▶ _TASK DESCRIPTION_: In the records below, the lines between the one holding "141 WELLINGTON Street N Unit# 2" and the one holding "Mercedes-Benz E-Class PHEV", inclusive, are to be transcribed exactly; no pictures are to be included.

▶ _EXCERPTED RECORDS_:

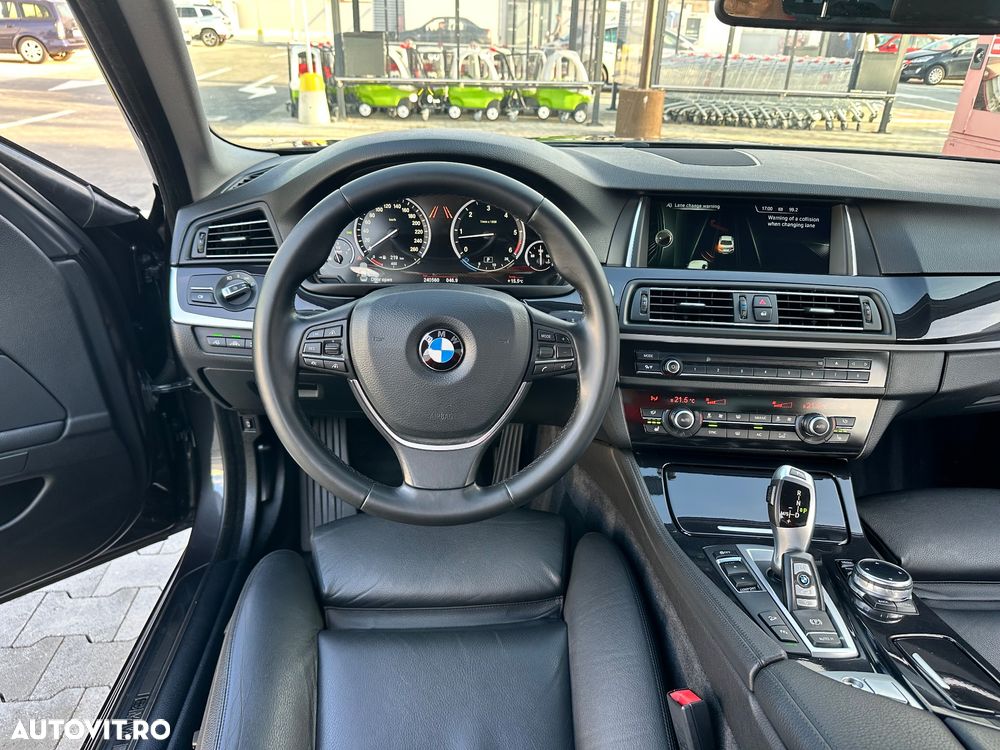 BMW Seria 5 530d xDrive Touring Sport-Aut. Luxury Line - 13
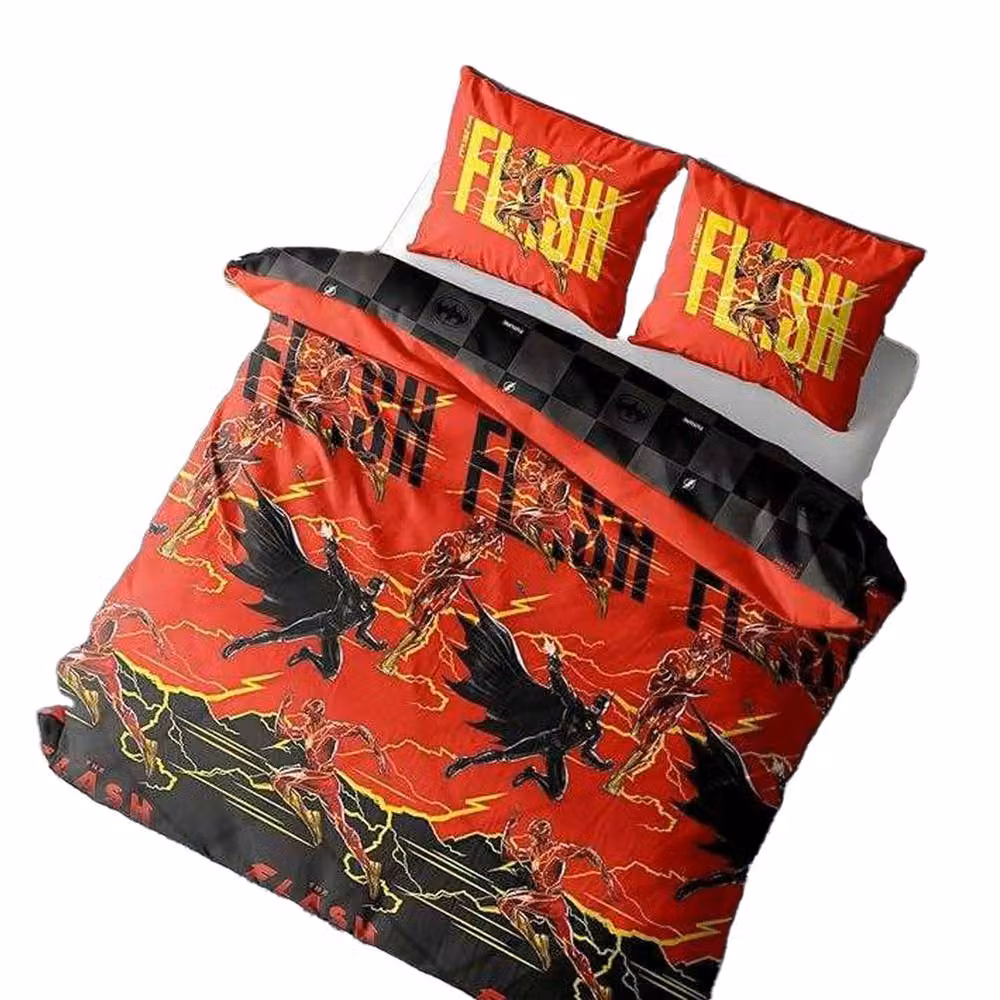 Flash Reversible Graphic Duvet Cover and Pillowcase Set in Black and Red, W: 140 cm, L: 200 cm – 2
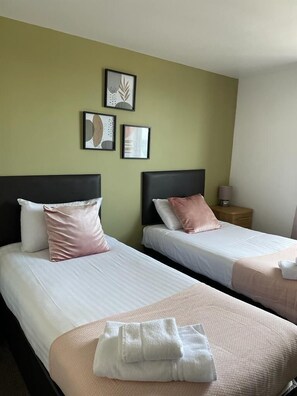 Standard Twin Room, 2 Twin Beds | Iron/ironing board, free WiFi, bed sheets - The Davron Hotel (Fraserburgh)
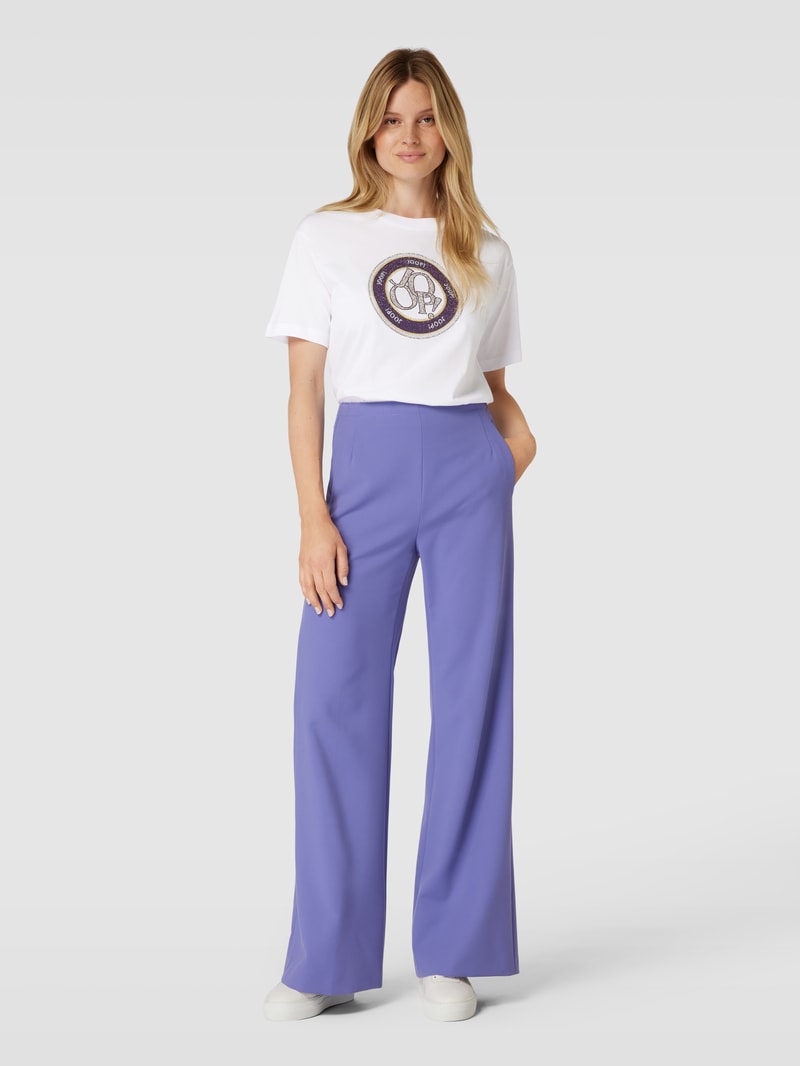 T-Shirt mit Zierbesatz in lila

--

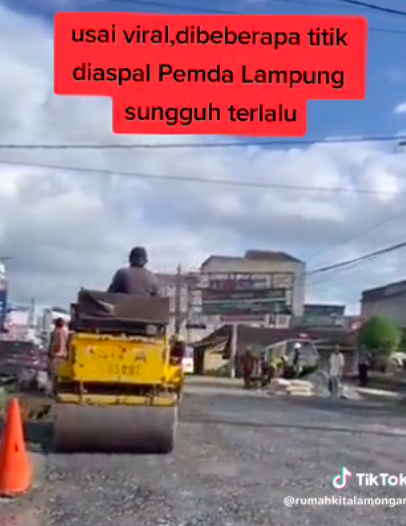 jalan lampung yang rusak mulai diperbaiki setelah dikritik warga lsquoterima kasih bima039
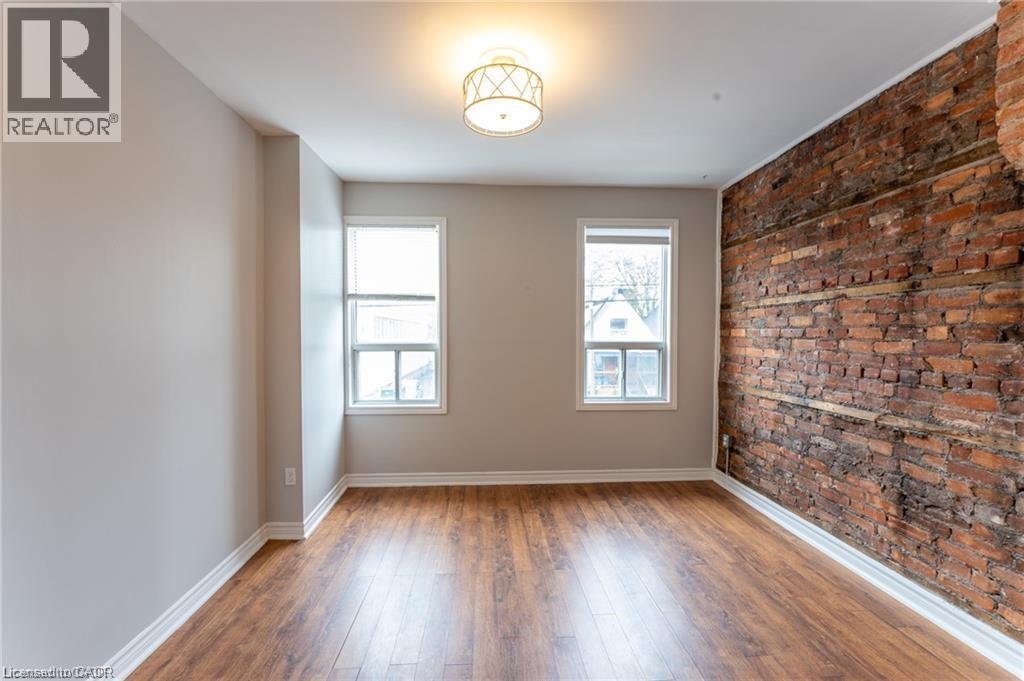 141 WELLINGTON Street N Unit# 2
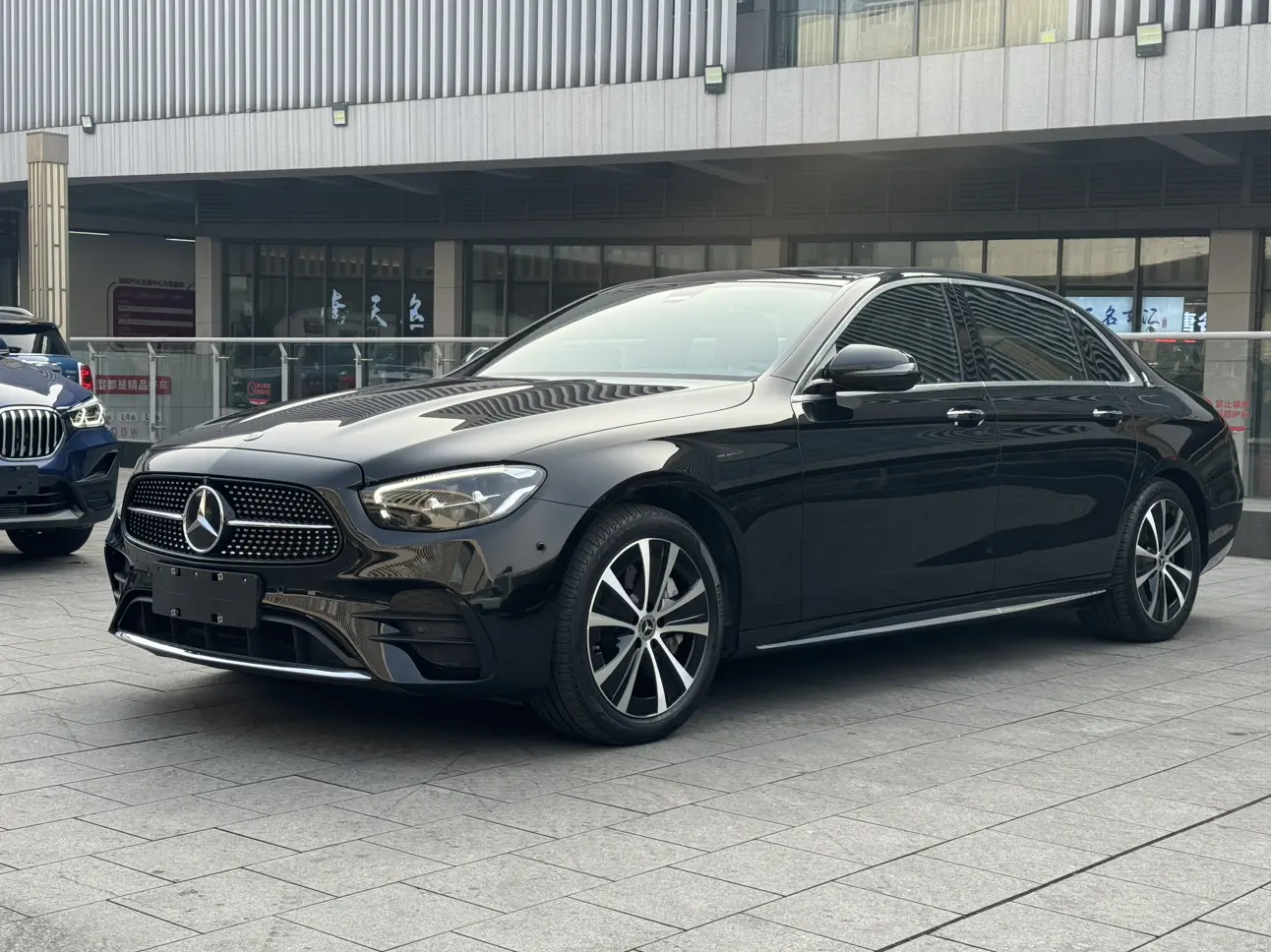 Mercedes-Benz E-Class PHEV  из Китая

* * *

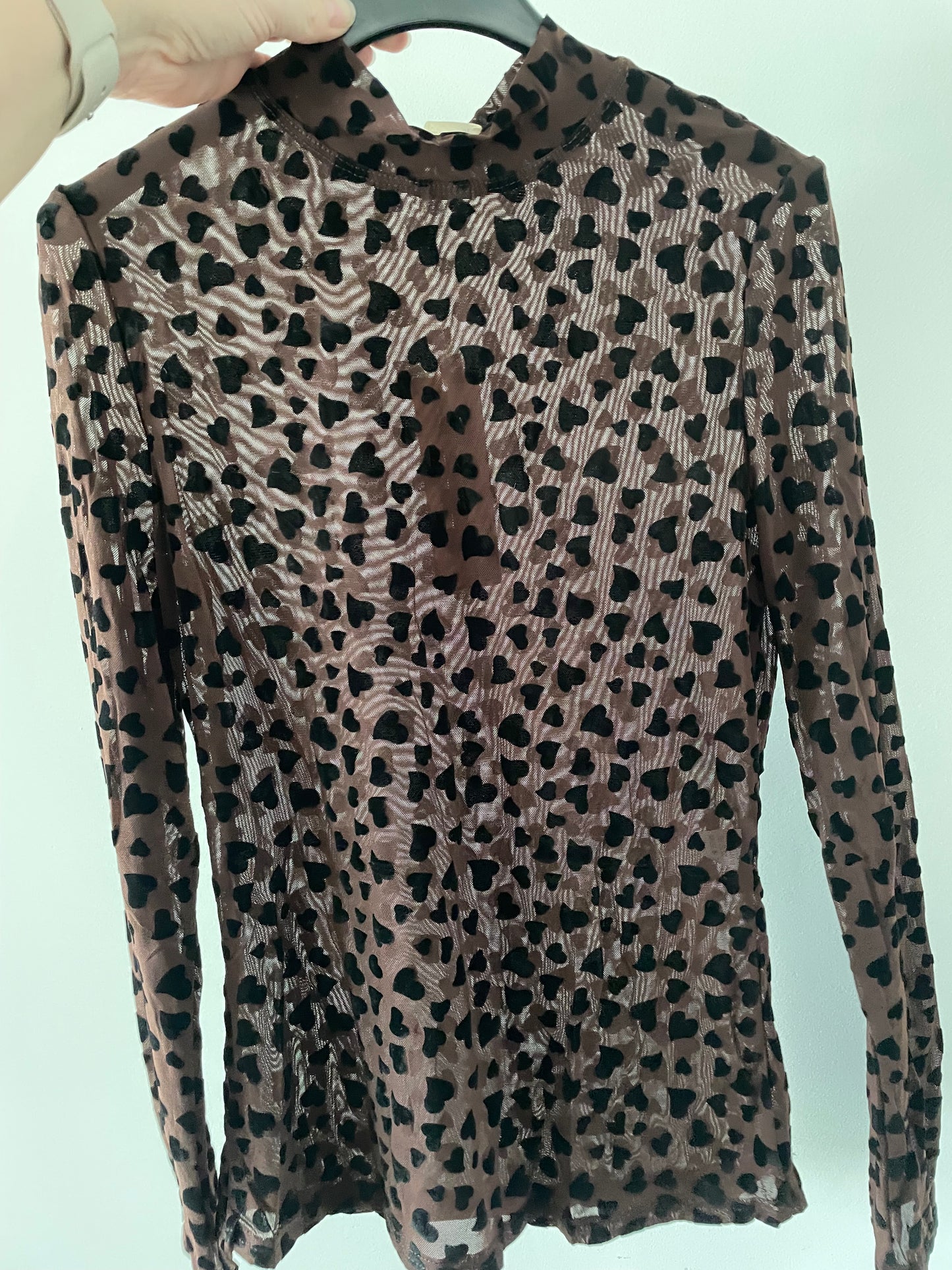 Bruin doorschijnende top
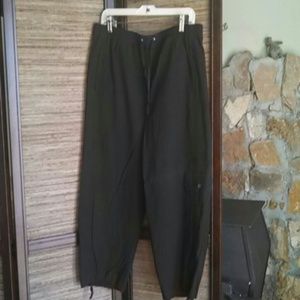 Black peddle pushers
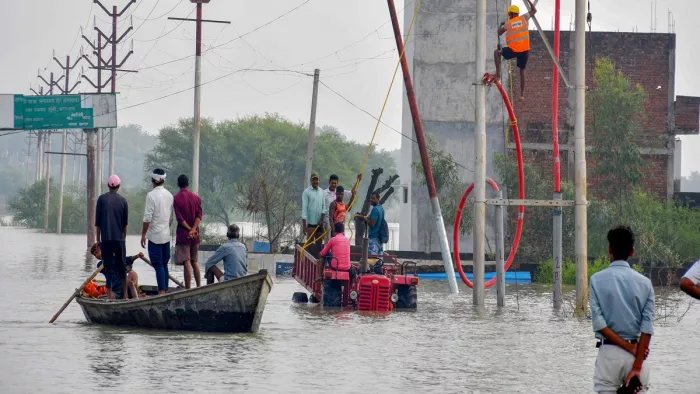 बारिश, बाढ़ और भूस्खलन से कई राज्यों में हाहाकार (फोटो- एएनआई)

▶ _RESPONSE TO THIS TASK_:
 141 WELLINGTON Street N Unit# 2
 Mercedes-Benz E-Class PHEV  из Китая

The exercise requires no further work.